INFORMATION SUPPLIED START

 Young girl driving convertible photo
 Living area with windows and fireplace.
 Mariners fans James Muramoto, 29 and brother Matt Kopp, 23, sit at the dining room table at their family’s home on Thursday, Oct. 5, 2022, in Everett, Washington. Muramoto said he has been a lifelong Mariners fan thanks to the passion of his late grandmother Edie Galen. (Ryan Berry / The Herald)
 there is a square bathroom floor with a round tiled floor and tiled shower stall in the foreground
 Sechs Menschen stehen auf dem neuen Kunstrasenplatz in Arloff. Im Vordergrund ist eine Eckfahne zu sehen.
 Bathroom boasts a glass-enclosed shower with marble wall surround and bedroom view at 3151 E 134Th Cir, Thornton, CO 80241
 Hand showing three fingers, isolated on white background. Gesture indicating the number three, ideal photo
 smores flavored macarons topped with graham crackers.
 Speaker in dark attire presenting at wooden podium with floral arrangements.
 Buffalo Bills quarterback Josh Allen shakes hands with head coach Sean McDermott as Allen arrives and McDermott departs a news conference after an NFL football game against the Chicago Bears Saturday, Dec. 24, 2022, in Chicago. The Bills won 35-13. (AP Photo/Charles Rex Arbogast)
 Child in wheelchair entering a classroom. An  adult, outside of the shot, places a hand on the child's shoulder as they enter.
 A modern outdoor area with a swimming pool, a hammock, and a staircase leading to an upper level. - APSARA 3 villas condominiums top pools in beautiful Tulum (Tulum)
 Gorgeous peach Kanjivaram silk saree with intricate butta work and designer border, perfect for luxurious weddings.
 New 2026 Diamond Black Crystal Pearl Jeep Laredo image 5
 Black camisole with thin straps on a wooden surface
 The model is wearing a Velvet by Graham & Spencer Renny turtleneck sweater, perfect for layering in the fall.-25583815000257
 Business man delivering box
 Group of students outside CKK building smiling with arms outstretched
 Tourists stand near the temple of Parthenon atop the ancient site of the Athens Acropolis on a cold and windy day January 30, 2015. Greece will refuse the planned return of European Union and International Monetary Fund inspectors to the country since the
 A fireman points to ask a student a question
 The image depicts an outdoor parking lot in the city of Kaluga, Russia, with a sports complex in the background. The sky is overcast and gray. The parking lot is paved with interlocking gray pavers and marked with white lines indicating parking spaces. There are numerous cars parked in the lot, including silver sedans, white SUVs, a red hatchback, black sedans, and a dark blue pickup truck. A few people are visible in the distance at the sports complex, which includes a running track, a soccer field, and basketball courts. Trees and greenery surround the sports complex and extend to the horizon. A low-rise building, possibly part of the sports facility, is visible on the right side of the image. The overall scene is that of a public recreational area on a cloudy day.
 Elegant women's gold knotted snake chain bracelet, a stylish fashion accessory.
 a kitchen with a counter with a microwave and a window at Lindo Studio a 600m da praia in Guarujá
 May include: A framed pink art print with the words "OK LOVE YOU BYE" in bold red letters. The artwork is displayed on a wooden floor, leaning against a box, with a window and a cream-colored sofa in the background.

INFORMATION SUPPLIED END

◆ EXERCISE PROMPT
In the entries above, find the line holding "A modern outdoor" and the line holding "A fireman points to ask a student a question"; print both of them and every line between, exactly, and nothing else.

◆ TASK SOLUTION
 A modern outdoor area with a swimming pool, a hammock, and a staircase leading to an upper level. - APSARA 3 villas condominiums top pools in beautiful Tulum (Tulum)
 Gorgeous peach Kanjivaram silk saree with intricate butta work and designer border, perfect for luxurious weddings.
 New 2026 Diamond Black Crystal Pearl Jeep Laredo image 5
 Black camisole with thin straps on a wooden surface
 The model is wearing a Velvet by Graham & Spencer Renny turtleneck sweater, perfect for layering in the fall.-25583815000257
 Business man delivering box
 Group of students outside CKK building smiling with arms outstretched
 Tourists stand near the temple of Parthenon atop the ancient site of the Athens Acropolis on a cold and windy day January 30, 2015. Greece will refuse the planned return of European Union and International Monetary Fund inspectors to the country since the
 A fireman points to ask a student a question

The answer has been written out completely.